Speech recognition is the technology that converts human speech into digital text. In this complete beginner guide, you will learn how to use Python for speech recognition tasks following a step by step guide format. We will use the SpeechRecognition library to read audio files, capture microphone input, handle noise, and work with multiple APIs including Google Speech API, IBM Watson, and others.

What You'll Learn:

How to install SpeechRecognition and PyAudio libraries
Reading and transcribing audio files (WAV, AIFF, FLAC)
Using the Recognizer class and available API methods
Reading specific segments of audio with offset and duration
Handling noise with adjust_for_ambient_noise()
Working with microphones for real-time speech capture
Handling errors and unknown speech exceptions

What is Python Speech Recognition?

Speech recognition systems have evolved from single-speaker models with limited vocabularies to sophisticated systems that recognize multiple speakers with huge vocabularies across various languages. The process involves converting speech from physical sound to electrical signals using a microphone, then using an analogue-to-digital converter to transform this into digital data. Finally, multiple models transcribe the audio into text using techniques like the Hidden Markov Model (HMM), which divides speech signals into 10-millisecond fragments.
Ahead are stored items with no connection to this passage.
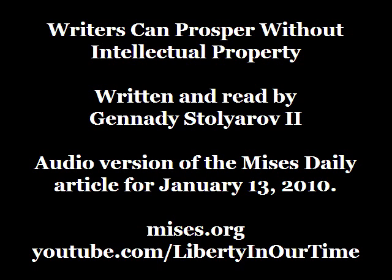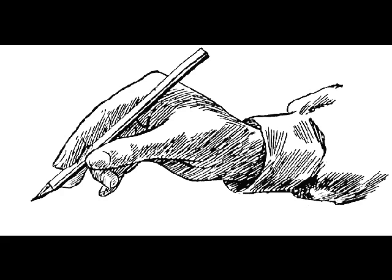It is commonly supposed that, whatever its moral and theoretical standing, intellectual property is necessary for creators of written works to make a living and, even more importantly, to continue to create.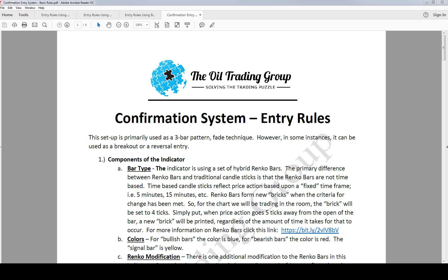In this video tutorial we are going to briefly discuss the three-bar confirmation entry system. In an earlier video when we talked about our market maker levels, we talked about the fact that we were looking for areas on our chart to make decisions, also known as decision points. Once you get into a decision point area — and I encourage you to go back and watch the market maker levels video — once you get to one of these locations on the chart you really have a decision to make.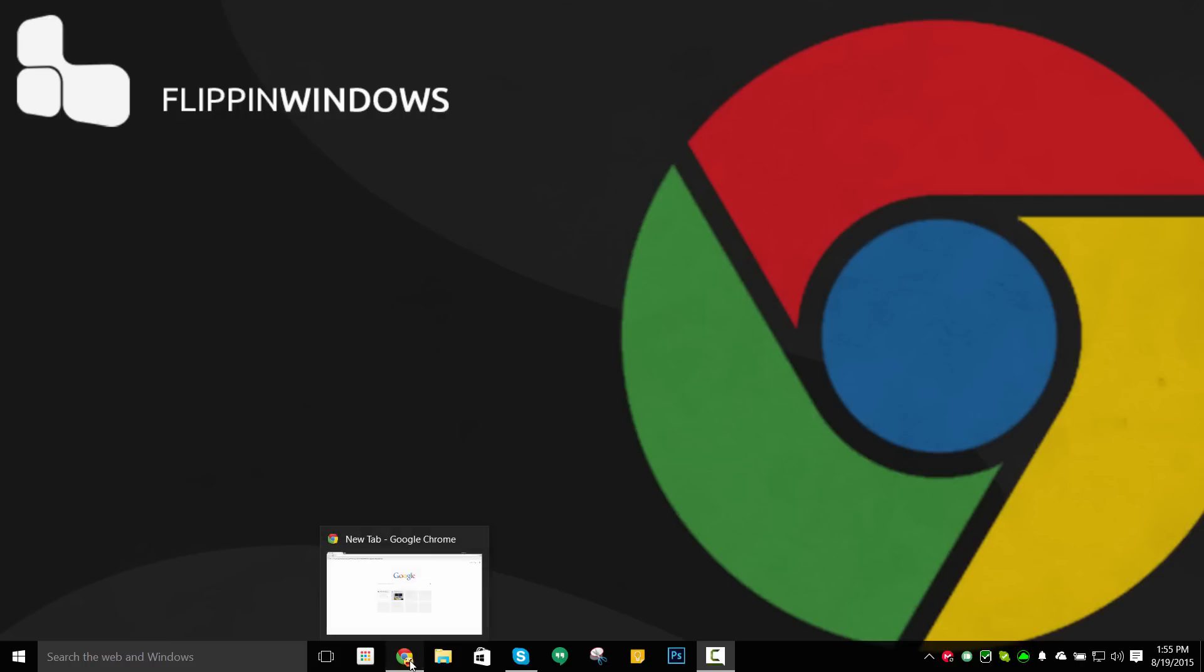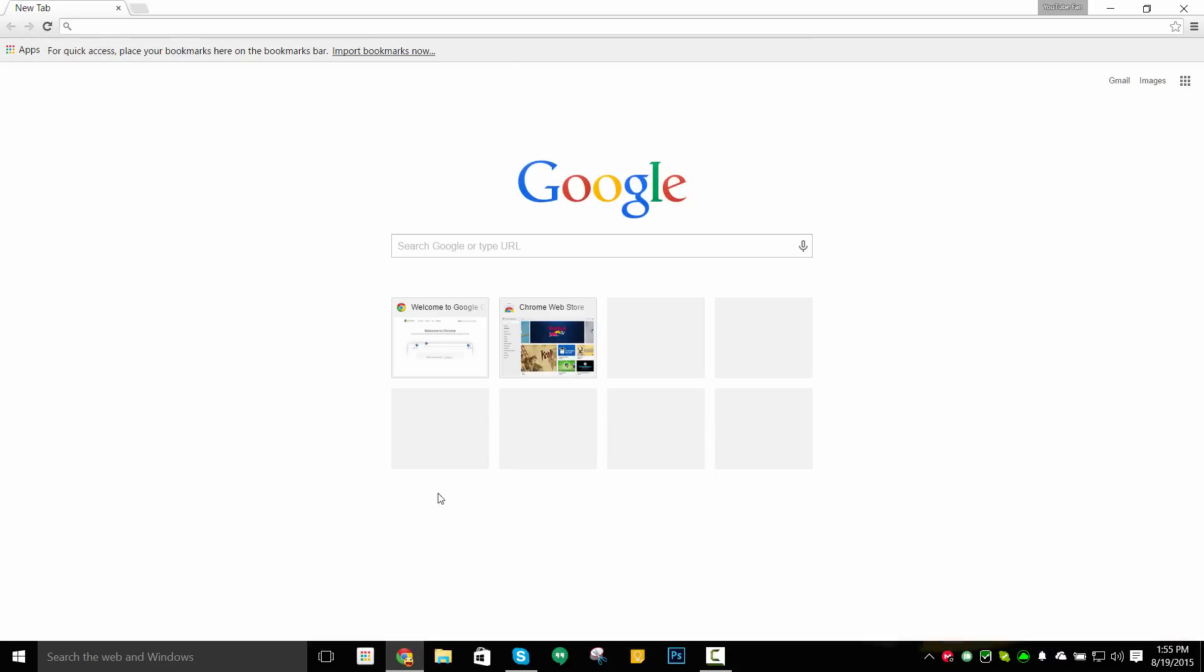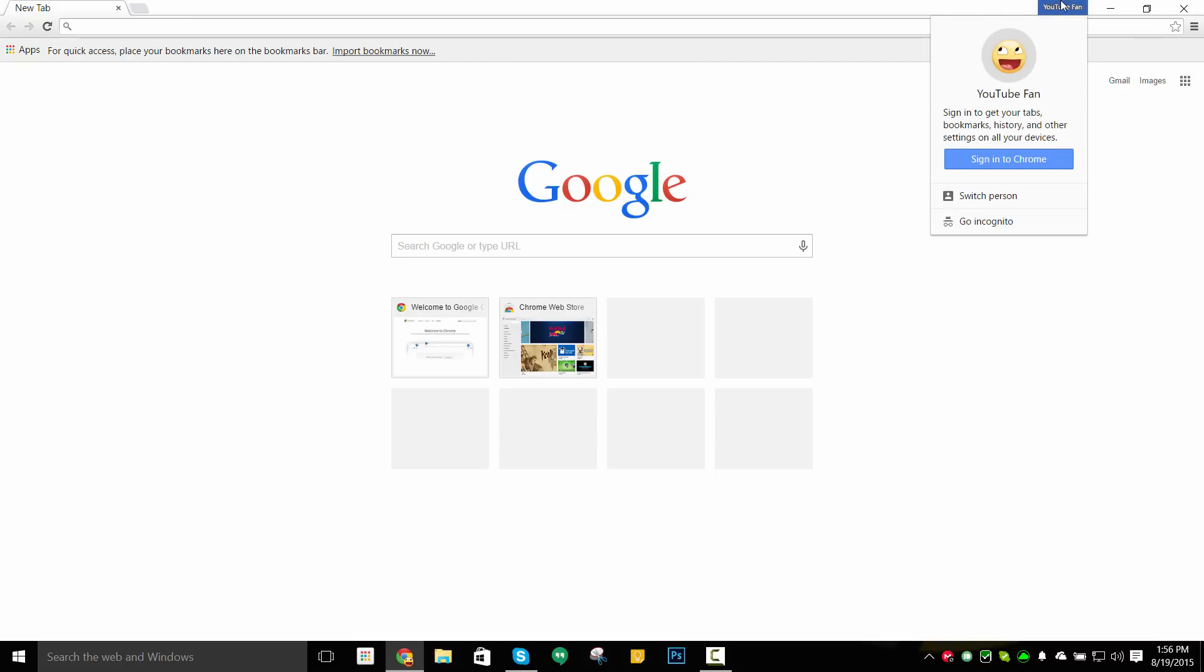If you guys don't already have Google Chrome, I'd advise you to download it because it is very useful compared to other browsers such as Firefox, Opera, and Microsoft Edge. The reason why I say that is because there's so much customizable options, and all you have to do is just sign into your Google account.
Available APIs in Python Speech Recognition

Python offers several APIs for speech recognition. While packages like Wit and Api.ai offer more than basic speech recognition, we will demonstrate SpeechRecognition, which is easier to use and includes a hardcoded default API key for the Google Web Speech API.

API Method	Service	Requirements
recognize_bing()	Microsoft Bing Speech	API key
recognize_google()	Google Web Speech API	None (default key included)
recognize_google_cloud()	Google Cloud Speech	google-cloud-speech package
recognize_houndify()	Houndify by SoundHound	Client ID & Client Key
recognize_ibm()	IBM Speech to Text	Username & Password
recognize_sphinx()	CMU Sphinx	PocketSphinx installation
recognize_wit()	Wit.ai	API key

Step by Step Guide to Installation

Install SpeechRecognition

Use pip to install the SpeechRecognition library. This beginner guide assumes you have Python 3.6+ installed.

Terminal Command

pip install SpeechRecognition

Verify Installation

Open Python interpreter and check the installed version.

Python Interpreter

>>> import speech_recognition as sr
>>> sr.__version__
'3.8.1'

Install PyAudio for Microphone Support

PyAudio is required to work with microphones. On Windows, download the binary wheel from Christoph Gohlke's repository.

Install PyAudio

# On Windows, download the appropriate .whl file from:
# https://www.lfd.uci.edu/~gohlke/pythonlibs/#pyaudio
# Then install:
pip install PyAudio-0.2.11-cp37-cp37m-win32.whl

# On Mac/Linux:
pip install PyAudio

Supported Audio File Types

The SpeechRecognition library supports the following audio formats:

WAV (PCM/LPCM)

Uncompressed audio format, best for speech recognition accuracy.

AIFF / AIFF-C

Audio Interchange File Format, commonly used on Apple systems.

FLAC

Free Lossless Audio Codec, compressed without quality loss.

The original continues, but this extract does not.